One of the challenges in working in digital pathology is that the associated images can be excessively large, too large to load fully into memory, as well as too large to use in common pipelines. For example, a Aperio SVS file that we’ll look at today is 60,000 x 42,600 pixels. If we tried to load such an image, in RGB space, uncompressed it would require ~7GB, making it too large to consider using in our deep learning pipelines as there wouldn’t be enough RAM on the GPU for both the data and the filter activations.

The obvious way of managing this situation is to split the image into smaller tiles, operate on them separately, and merge the images back together. While we have wrappers which do this in a reasonable fashion in common languages, I was looking for a much more generic way, which affords the opportunity for additional speed ups. As a result, I’ll run through a process I developed using various snippets of code on the net.

The basic premise is that we can use Matlab to split the image in an organized way, with as much code re-use as possible. In fact, this isn’t nearly as difficult as one might expect, except that SVS files contain multiple pages, which contain the same image at different magnifications for improved image navigation. Lets look at some code.

Breaking the image apart

The code for this part is very similar to this blog post which leverages the idea of using image adapters to define how large images are read.
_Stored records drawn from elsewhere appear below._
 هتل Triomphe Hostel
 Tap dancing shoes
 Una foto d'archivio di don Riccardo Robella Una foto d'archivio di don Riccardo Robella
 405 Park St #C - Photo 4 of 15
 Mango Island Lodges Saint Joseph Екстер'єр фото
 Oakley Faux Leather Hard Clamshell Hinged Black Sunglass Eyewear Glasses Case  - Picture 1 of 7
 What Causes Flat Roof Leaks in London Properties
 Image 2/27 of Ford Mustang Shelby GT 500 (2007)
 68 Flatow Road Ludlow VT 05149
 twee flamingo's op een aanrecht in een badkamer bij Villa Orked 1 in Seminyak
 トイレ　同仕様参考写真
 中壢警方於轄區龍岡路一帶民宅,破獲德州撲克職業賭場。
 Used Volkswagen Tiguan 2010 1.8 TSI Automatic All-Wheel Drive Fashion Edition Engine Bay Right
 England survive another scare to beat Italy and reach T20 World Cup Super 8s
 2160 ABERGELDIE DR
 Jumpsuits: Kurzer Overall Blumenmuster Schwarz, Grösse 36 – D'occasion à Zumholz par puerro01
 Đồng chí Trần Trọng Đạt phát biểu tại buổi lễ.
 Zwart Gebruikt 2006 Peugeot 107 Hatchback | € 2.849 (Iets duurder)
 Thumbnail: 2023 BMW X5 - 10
tileSize = [2000, 2000]; % has to be a multiple of 16.
input_svs_page=3; %the page of the svs file we're interested in loading
input_svs_file='36729.svs';
[~,baseFilename,~]=fileparts(input_svs_file);
svs_adapter =PagedTiffAdapter(input_svs_file,input_svs_page); %create an adapter which modulates how the large svs file is accessed
tic
fun=@(block) imwrite(block.data,sprintf('%s_%d_%d.png',baseFilename,block.location(1),block.location(2))); %make a function which saves the individual tile with the row/column information in the filename so that we can refind this tile later
blockproc(svs_adapter,tileSize,fun); %perform the splitting
toc

While the tileSize needs to be a multiple of 16, that isn’t a constraint at this stage. Its actually a requirement to save large tif images as described in the following part. We can see here the basic premise is straight forward, we use blockproc to iterate through the image and save sub images. At this point, if we want to process the tiles we can (for example by resizing smaller, or actually doing the analysis). I didn’t opt for that here for two reasons, (a) the deep learning pipeline I have isn’t in matlab its in python, so these tiles will be used outside of this development environment and (b) since now we have all the tiles, we can easily parallelize whatever processing we’re interested in and compute the output for multiple tiles at the same time.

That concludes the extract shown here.